From The Paris Review:
I despise films that have a political agenda. Their intent is always to manipulate, to convince the viewer of their respective ideologies. Ideologies, however, are artistically uninteresting. I always say that if something can be reduced to one clear concept, it is artistically dead. If a single concept captures something, then everything has already been resolved—or so it appears, at least. Maybe that’s why I find it so hard to write synopses. I just cannot do it. If I were able to summarize a film in three sentences, I wouldn’t need to make it. Then I’d be a journalist, I’d get to the heart of the matter in those three sentences, and my readers would know what it’s all about, and that would be that. But that is not what I find interesting.
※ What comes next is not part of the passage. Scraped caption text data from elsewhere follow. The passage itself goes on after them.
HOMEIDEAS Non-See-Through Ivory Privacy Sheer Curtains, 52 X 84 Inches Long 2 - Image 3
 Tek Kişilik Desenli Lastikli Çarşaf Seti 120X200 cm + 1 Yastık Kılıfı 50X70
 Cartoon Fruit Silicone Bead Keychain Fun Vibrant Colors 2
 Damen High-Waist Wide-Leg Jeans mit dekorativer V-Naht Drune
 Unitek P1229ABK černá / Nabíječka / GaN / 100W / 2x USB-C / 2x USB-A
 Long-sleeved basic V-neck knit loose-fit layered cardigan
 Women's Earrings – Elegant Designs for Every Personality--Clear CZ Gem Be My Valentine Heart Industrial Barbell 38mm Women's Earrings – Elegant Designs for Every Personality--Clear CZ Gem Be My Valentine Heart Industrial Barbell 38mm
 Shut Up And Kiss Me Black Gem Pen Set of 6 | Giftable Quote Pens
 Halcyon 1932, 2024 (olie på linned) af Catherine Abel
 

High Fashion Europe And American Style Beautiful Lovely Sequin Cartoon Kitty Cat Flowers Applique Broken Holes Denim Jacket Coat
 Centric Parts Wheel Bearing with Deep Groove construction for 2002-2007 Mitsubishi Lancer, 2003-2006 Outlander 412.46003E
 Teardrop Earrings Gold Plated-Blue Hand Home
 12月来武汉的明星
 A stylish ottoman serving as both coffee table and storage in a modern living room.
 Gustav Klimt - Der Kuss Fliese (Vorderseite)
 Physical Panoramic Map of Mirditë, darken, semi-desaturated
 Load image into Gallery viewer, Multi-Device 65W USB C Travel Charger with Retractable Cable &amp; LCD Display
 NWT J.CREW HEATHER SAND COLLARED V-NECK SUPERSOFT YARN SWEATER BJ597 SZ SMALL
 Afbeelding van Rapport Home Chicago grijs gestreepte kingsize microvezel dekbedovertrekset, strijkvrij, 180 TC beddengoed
Look, life itself is the object of art. You aim to construct a parallel world in your novel or your play. The truly captivating thing is the story that unfolds between your protagonists. Of course, for somebody with political convictions—and we all have those—there is no way they aren’t going to seep into your artwork. Céline, for example, was a right-wing extremist. And that was visible in his work, but he still wasn’t completely inept as a writer. There are thousands of examples, from both the left and the right. At the academy, I always lecture on propagandistic films of various origins so as to sensitize my students to their particular way of functioning. In my films, however, politics happen only subcutaneously, and it is never my intention to say, Look, this is what I’m trying to tell you, now swallow it. My objective is a humanistic one—to enter into a dialogue with my viewers and to make them think. There isn’t much more you will be able to achieve in the dramatic arts. And frankly, I don’t know what else you should be able to achieve.